Managing Citizenship, Security, and Rights: Regulating Marriage Migration in Europe and North America
This research investigates the ways in which marriage migration has become the object of intense state scrutiny, and the site of political interventions in the past twenty years, as family-related migration became the main legal mode of entry in the United Kingdom, France, the Netherlands, Canada, and the United States. Such interventions have taken different forms, and have become increasingly debated.

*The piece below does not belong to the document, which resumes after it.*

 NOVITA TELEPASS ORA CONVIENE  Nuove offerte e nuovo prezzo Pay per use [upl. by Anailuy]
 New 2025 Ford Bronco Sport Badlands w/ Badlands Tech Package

Indeed, the policy focus on marriage migration seems to pit what many deem to be a fundamental principle in Western democracies, namely the right to family life (at least for established citizens), against calls and pressures for tightened migration policies, invoked in the name of security.

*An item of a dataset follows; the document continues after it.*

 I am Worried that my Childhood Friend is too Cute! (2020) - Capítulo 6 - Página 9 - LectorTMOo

This begs three crucial questions: why are these countries now preoccupied with marriage migration, and how do such preoccupations translate into actual policies? How can we make sense of the apparent antinomy between the rationality of bureaucratic regulations of marriage migration, and emotions such as love, that are presumed to represent a form of “moral gatekeeping” (Wray, 2006) integral to the validity of the relationships being assessed by state officials? Finally, what are the consequences of policing marriage migration and family reunification on the lives of migrants, but also non-migrants wishing to reunite with their loved ones?
To answer these questions, this project is informed by disciplines as varied as law, critical security studies, feminist and queer studies, and anthropology. Through interdisciplinary lenses, it pays attention to the unfolding dynamic between a constellation formed by the three key concepts/sites of “security”, “citizenship” and “rights”. Our research interrogates the changing shape of their meaning and their recognition that emerges through their interrelationship in marriage migration management practices: how do understandings of citizenship affect how security gets conceptualized and enforced? How do expectations of romantic love can become tied to ideas of citizenship? How do specific rights to family also affect what it means to be a citizen, and can exclude who can be counted as one?